# عملي



## visual1ce

Hi,

Working through al-kitaab part 1 3rd edition and I've come across this sentence:

اريد العمل في شركة خاصة لان عملي في الوزارة ليس له مستقبل​Is "amalee" an adjective here? Does the hu in the lahu refer to amalee fee lwzaarah?

Shukran,

visual1ce


----------



## AndyRoo

visual1ce said:


> Is "amalee" an adjective here?


 No it's a noun 



visual1ce said:


> Does the hu in the lahu refer to amalee fee lwzaarah?


Yes


----------



## visual1ce

so is "ee" in amalee a pronoun or...? Could you translate the sentence for me please?

Thanks,

visual1ce


----------



## AndyRoo

Hi,

The "ee" is a pronoun, yes.

It says: I want to work in a private company, because my job in the ministry has no future.


----------



## Mighis

`amalî

`amal: genitive masculine noun.
î: first person singular possessive pronoun.


Lahu

La: prefixed preposition.
hu: third person masculine singular personal pronoun.


----------



## fdb

Mighis said:


> ][/COLOR]
> 
> `amal: genitive masculine noun.



genitive ??


----------



## Mighis

AndyRoo said:


> I want to work in a private company, because my job in the ministry has no future.

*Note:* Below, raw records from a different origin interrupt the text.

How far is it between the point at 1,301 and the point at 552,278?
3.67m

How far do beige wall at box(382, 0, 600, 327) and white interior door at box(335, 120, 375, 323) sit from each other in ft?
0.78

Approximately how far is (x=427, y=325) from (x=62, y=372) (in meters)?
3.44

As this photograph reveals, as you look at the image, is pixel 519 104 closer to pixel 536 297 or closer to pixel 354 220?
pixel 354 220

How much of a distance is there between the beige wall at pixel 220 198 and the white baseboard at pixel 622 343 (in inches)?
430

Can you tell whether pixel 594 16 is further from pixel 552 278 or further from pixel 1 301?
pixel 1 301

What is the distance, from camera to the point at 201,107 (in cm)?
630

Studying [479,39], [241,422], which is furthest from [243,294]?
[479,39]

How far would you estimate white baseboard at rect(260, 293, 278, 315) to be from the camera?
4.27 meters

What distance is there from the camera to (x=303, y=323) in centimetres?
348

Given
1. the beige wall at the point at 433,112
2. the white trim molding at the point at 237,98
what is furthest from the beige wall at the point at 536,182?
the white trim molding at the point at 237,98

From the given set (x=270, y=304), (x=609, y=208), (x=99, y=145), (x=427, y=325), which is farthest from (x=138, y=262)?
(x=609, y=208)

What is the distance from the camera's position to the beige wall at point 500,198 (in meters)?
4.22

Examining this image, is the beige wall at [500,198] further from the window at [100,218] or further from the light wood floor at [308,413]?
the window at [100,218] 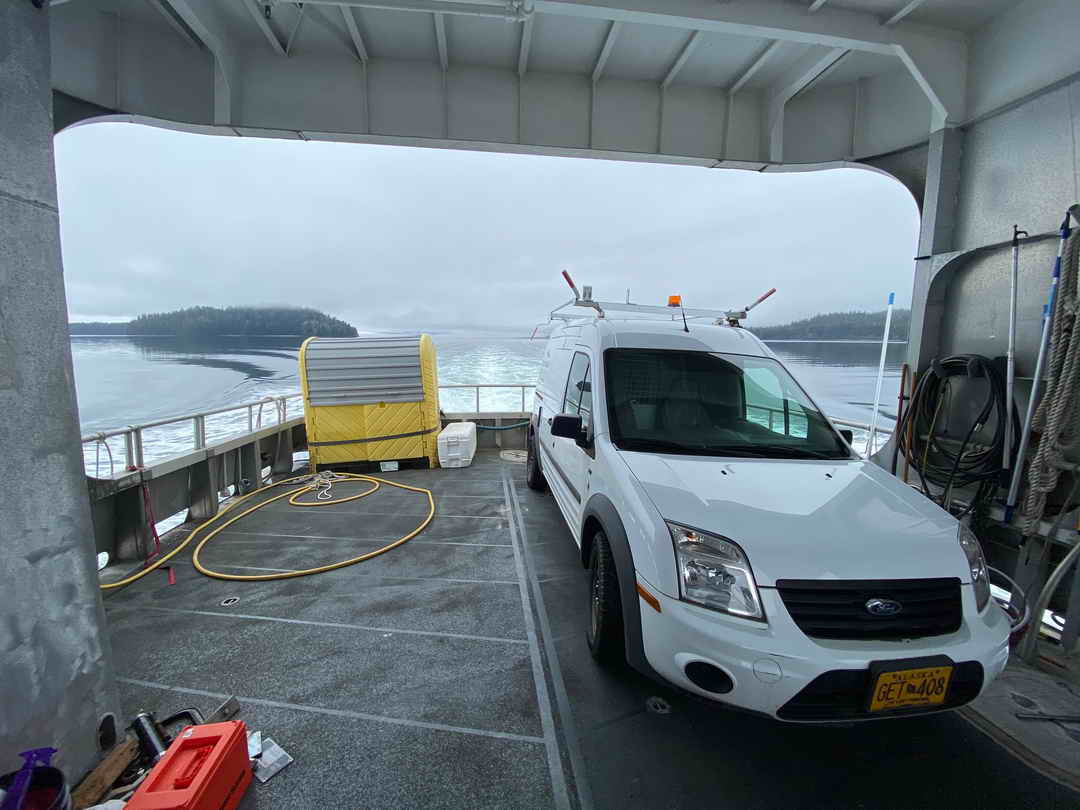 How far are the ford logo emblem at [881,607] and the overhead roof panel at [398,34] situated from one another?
225 inches

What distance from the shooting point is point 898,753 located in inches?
83.7

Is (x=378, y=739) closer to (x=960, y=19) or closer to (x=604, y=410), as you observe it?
(x=604, y=410)

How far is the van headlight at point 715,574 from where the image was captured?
184cm

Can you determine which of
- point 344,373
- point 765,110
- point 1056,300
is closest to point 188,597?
point 344,373

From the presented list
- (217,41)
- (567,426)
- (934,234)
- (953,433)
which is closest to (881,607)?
(567,426)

I would like to have a job in a private company because my current job at the ministry doesn't secure my future.



fdb said:


> genitive ??


Yes, it is. and one (?) is enough!


----------



## fdb

According to elementary Arabic grammar _li__ʼ__anna_ requires a noun in the accusative (_man__ṣū__b_).


----------



## Mighis

fdb said:


> According to elementary Arabic grammar _li__ʼ__anna_ requires a noun in the accusative (_man__ṣū__b_).


1) So?
2) _Li-anna_ or _Inna_?


----------



## AndyRoo

fdb is right.

If for example it was "because his job..." it would be  لأنَّ عملَهُ `amal clearly accusative here.


----------



## Mighis

AndyRoo said:


> fdb is right.
> 
> If for example it was "because his job..." it would be لأنَّ عملَهُ `amal clearly accusative here.

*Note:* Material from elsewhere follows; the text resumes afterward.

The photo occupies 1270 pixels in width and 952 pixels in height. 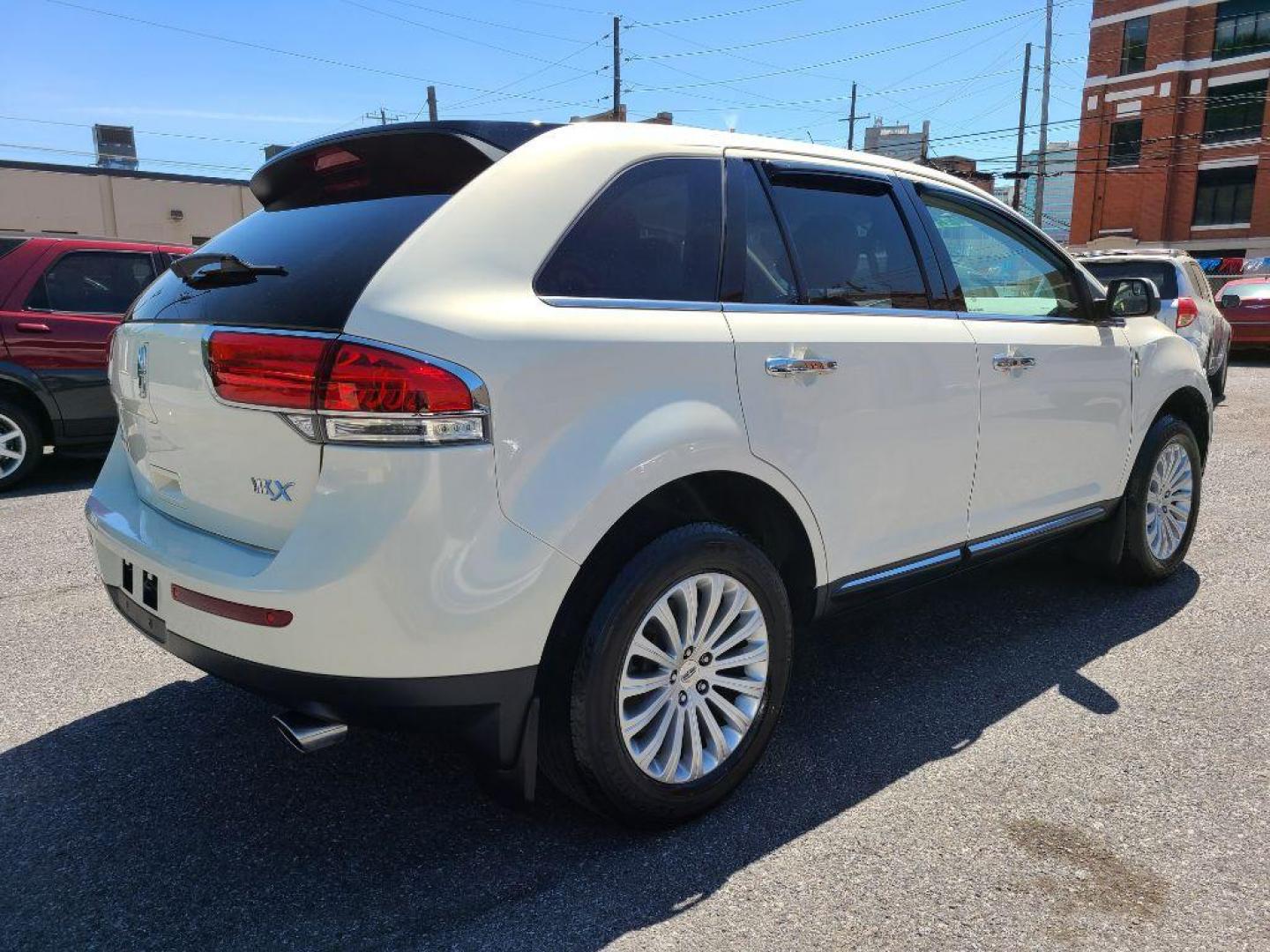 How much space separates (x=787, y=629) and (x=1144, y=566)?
102 inches

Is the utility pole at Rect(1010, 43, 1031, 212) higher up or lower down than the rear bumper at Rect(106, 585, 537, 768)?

What does a noun being genitive have to do with that?
Besides, you are paying attention to what *Inna *and its "sisters" require but you forget the *Laam *in *Li*-anna at all.
A noun can be genitive in all ways and this is, let's say, the elementary basics of grammar.
This noun gets the value of showing that it has or owns something from the first person singular possessive pronoun *î*.

Furthermore, the accusative particle in لأن عملي is the Inna's "sister" أنّ itself. So, we have here:
- prefixed preposition.
- accusative particle.
- genitive masculine noun.
- first person singular possessive pronoun.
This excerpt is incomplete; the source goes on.